鍛え抜かれた盛り上がった筋肉がシャツの下から姿を見せ、私はその衝撃で目を丸くして固まってしまった。
アシェル殿下もあまりに突然なことと、俊敏な上着とシャツの脱ぎ方に驚いてたけれど、私のことをぎゅっと抱き込むと、ヴィクター様を隠した。
「憧れのアシェル殿に恥ずかしい筋肉を見せるわけにはいかないと、一心不乱に鍛え上げたこの筋肉! エレノア嬢! アシェル殿! とくとご覧あれ!」
『っふ。罪な筋肉だ』
「……洋服を早々に着たまえ」
アシェル殿下の冷ややかな声が部屋に響いた。
その声の冷気の帯びた雰囲気に、テンションの上がっていたヴィクター様は身を固めるとアシェル殿下の方へとゆっくりと視線を向ける。
「えっと、アシェル、殿?」
『怒っている!? 何故? おおお怖い怖い! そのように凛々しい顔も出来るのか! さすがは完璧王子!』
私はどのような表情なのかと疑問に思ったけれど、アシェル殿下に胸に顔を押し当てる状況になっているので見えなかった。

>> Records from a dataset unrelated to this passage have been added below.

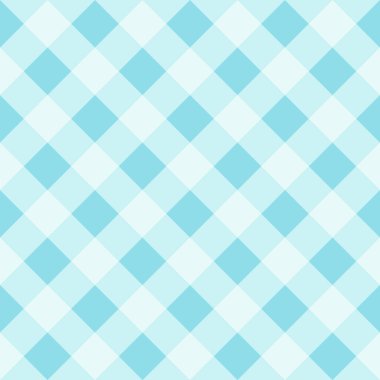 Kusursuz desen. Klasik hücre çaprazlaması. Mavi arkaplan üzerinde beyaz çapraz çizgiler.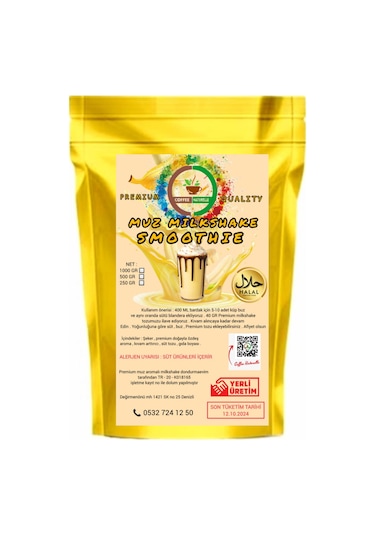 Coffee Naturelle Muz Aromalı Milkshake & smoothie & Frappe 500 G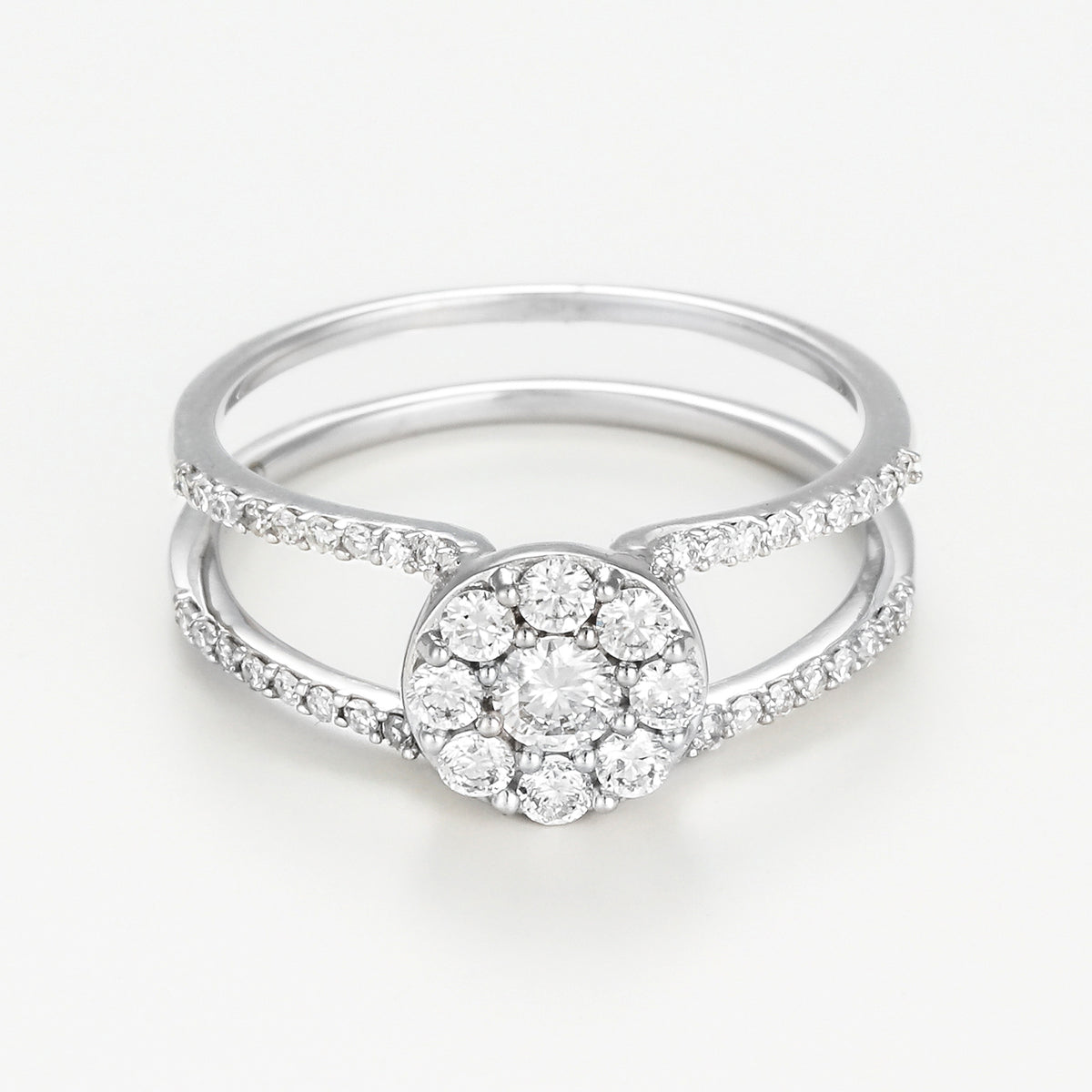 Bague Duo Emboité "Duo Magique" D0,64Ct/108
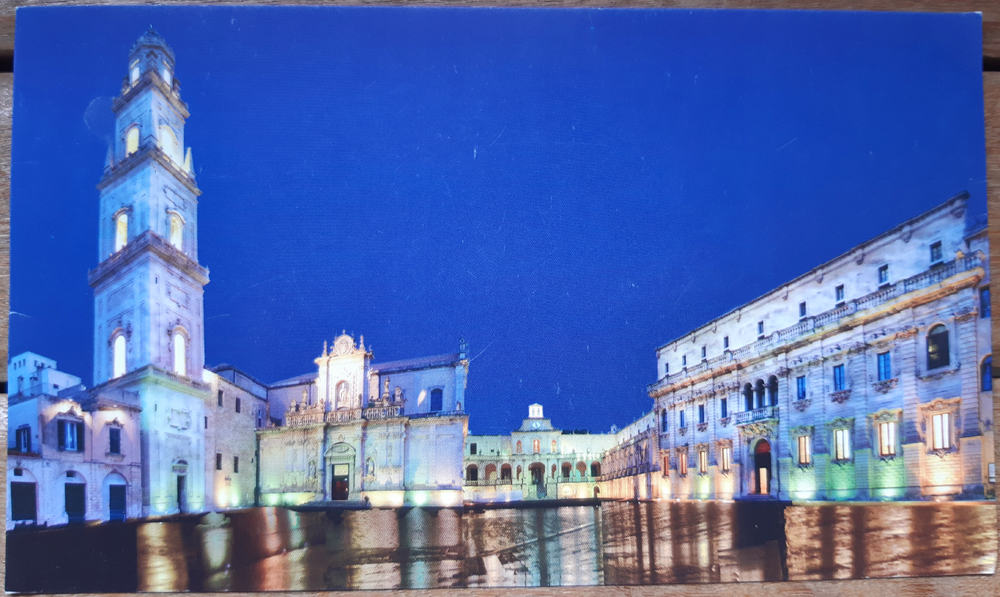 A postcard from Lecce, Italy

「はぁ……失礼する。今後令嬢の前で洋服を脱ぐなどと言う愚行を続けるのであれば、国交間にも亀裂が入ると認識してくれ。君のその行動は女性の名誉を傷つける行動であると認識を改めるべきだ」
アシェル殿下からは心の声は聞こえず、相当に怒っているのだということが伝わってきたのであった。
筋肉!!!!
マッスルマッスルー!!!!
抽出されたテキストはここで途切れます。